┌────────

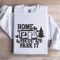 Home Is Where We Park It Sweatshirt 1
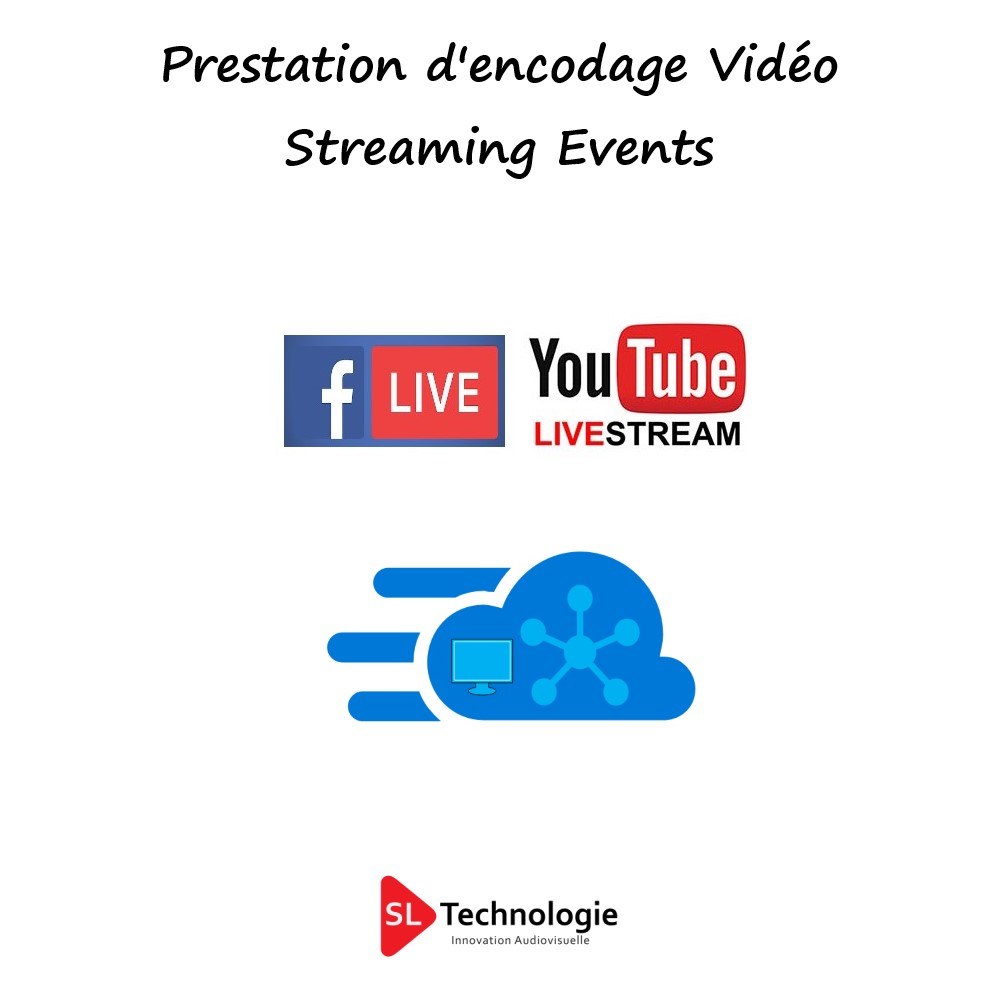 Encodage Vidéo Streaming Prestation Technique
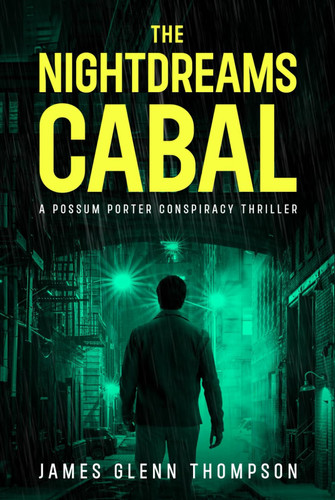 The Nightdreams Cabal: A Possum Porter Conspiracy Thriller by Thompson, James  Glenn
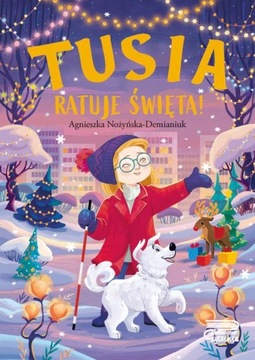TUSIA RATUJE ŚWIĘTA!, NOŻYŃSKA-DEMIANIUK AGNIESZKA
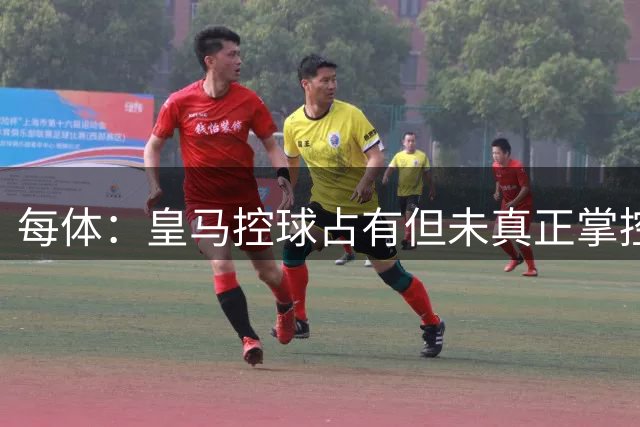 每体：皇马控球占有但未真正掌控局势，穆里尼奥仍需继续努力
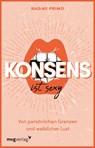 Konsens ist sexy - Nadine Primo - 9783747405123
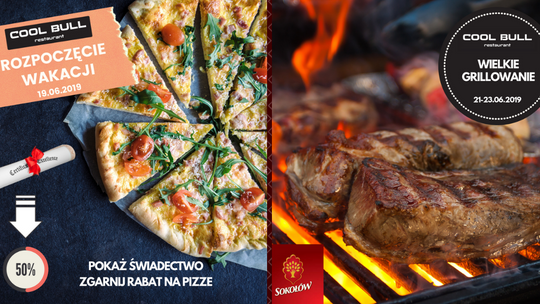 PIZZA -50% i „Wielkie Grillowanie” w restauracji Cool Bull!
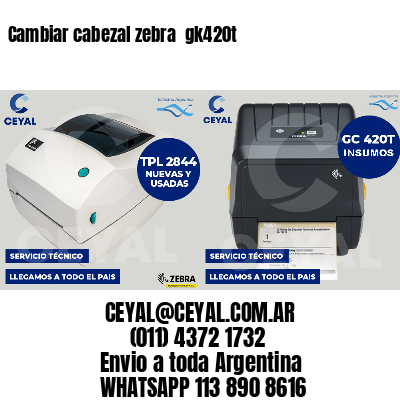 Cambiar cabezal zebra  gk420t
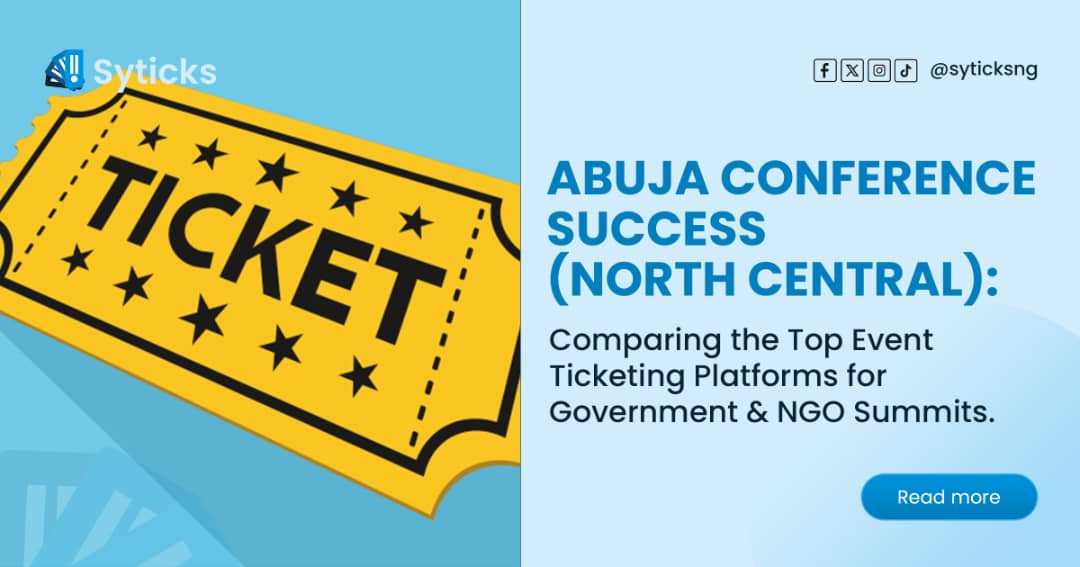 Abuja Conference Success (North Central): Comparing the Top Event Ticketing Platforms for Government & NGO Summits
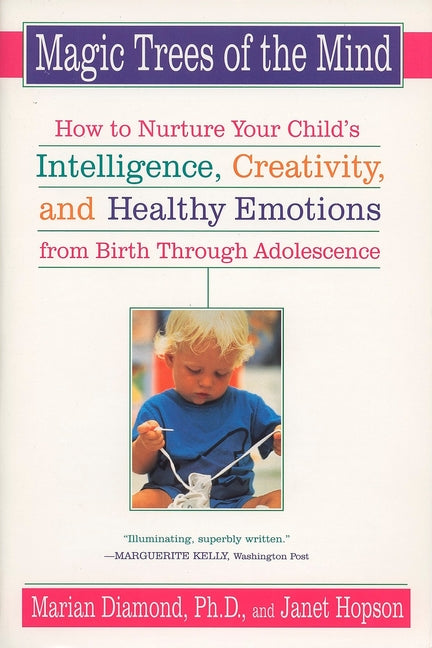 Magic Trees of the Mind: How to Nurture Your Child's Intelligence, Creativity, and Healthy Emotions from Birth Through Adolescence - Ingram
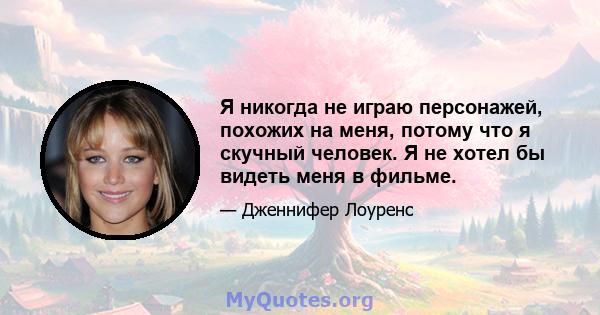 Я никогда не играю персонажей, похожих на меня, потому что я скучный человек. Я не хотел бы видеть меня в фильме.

└────────
┌────────

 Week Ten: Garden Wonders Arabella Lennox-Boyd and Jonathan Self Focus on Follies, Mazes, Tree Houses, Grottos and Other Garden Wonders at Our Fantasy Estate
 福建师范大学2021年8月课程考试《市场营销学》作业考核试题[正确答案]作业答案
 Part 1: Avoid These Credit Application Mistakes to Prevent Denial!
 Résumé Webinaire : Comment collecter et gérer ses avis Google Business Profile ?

└────────

## About this exercise
The reply should hold exactly the lines above, starting at the line with "Encodage Vidéo Streaming" and ending at the line with "Я никогда не", and no pictures.

## Reply to the task
 Encodage Vidéo Streaming Prestation Technique
 The Nightdreams Cabal: A Possum Porter Conspiracy Thriller by Thompson, James  Glenn
TUSIA RATUJE ŚWIĘTA!, NOŻYŃSKA-DEMIANIUK AGNIESZKA
 每体：皇马控球占有但未真正掌控局势，穆里尼奥仍需继续努力
 Konsens ist sexy - Nadine Primo - 9783747405123
 PIZZA -50% i „Wielkie Grillowanie” w restauracji Cool Bull!
 Cambiar cabezal zebra  gk420t
 Abuja Conference Success (North Central): Comparing the Top Event Ticketing Platforms for Government & NGO Summits
 Magic Trees of the Mind: How to Nurture Your Child's Intelligence, Creativity, and Healthy Emotions from Birth Through Adolescence - Ingram
 Я никогда не играю персонажей, похожих на меня, потому что я скучный человек. Я не хотел бы видеть меня в фильме.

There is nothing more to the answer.